[Image-caption web data]
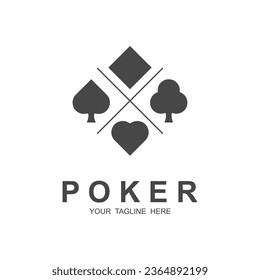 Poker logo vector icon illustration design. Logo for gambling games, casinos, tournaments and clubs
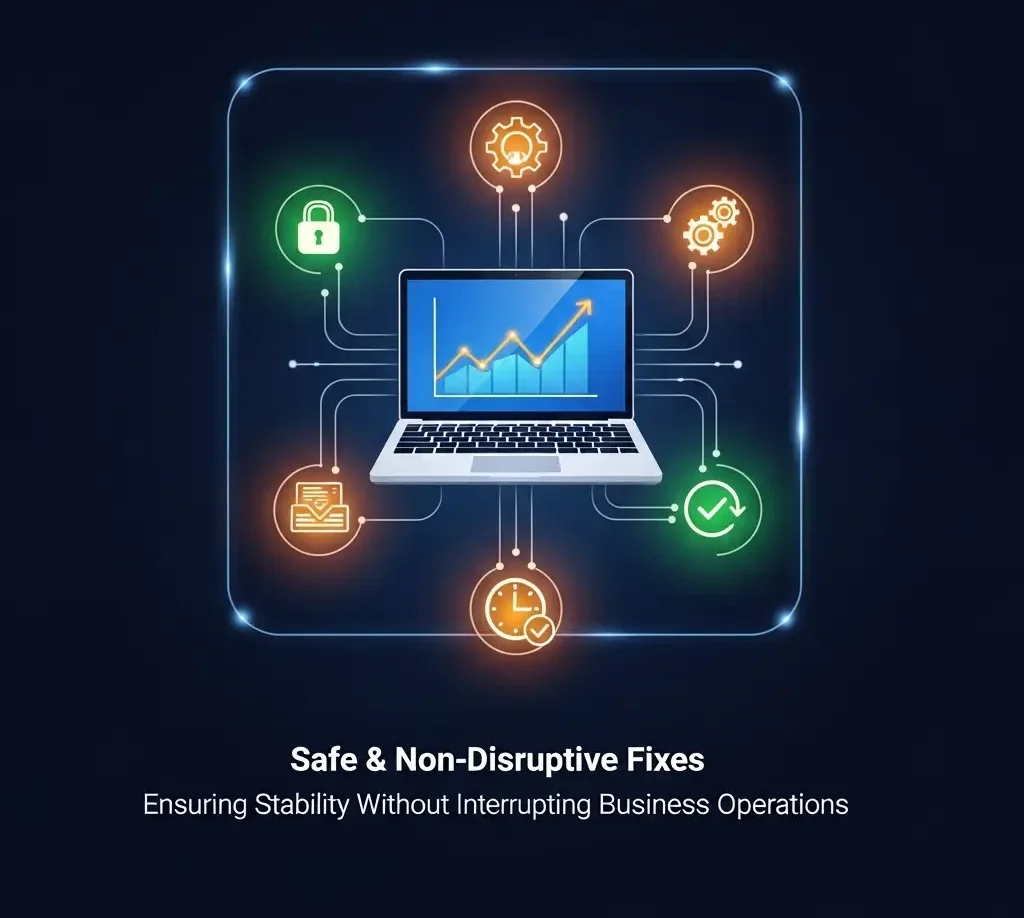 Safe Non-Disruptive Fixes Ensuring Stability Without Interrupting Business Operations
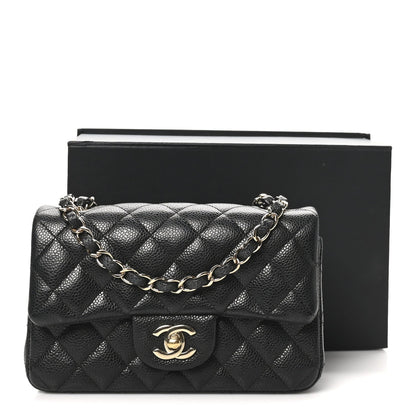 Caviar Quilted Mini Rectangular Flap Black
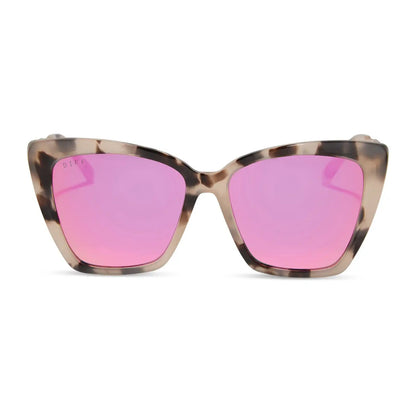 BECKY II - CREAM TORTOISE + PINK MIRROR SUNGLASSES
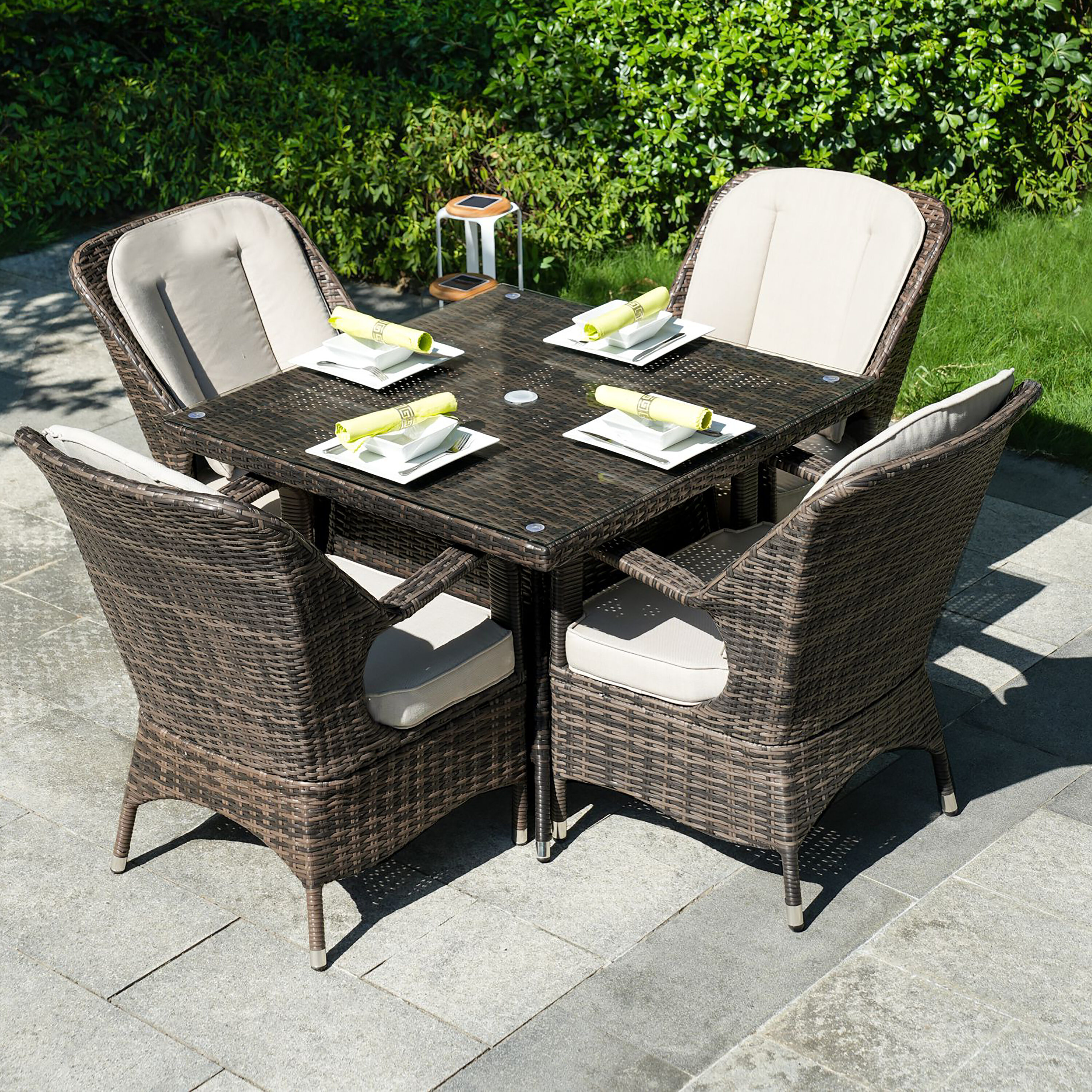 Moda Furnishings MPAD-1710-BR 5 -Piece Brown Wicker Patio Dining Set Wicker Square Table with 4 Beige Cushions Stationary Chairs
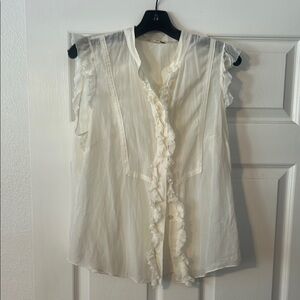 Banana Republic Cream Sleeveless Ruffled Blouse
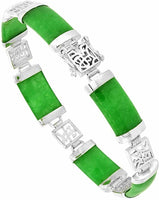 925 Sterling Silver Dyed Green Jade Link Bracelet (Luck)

§ **Exercise brief**: Set down the data above word for word, leaving every picture out.

§ **Answer section**:
 Poker logo vector icon illustration design. Logo for gambling games, casinos, tournaments and clubs
 Safe Non-Disruptive Fixes Ensuring Stability Without Interrupting Business Operations
 Caviar Quilted Mini Rectangular Flap Black
 BECKY II - CREAM TORTOISE + PINK MIRROR SUNGLASSES
 Moda Furnishings MPAD-1710-BR 5 -Piece Brown Wicker Patio Dining Set Wicker Square Table with 4 Beige Cushions Stationary Chairs
 Banana Republic Cream Sleeveless Ruffled Blouse
 925 Sterling Silver Dyed Green Jade Link Bracelet (Luck)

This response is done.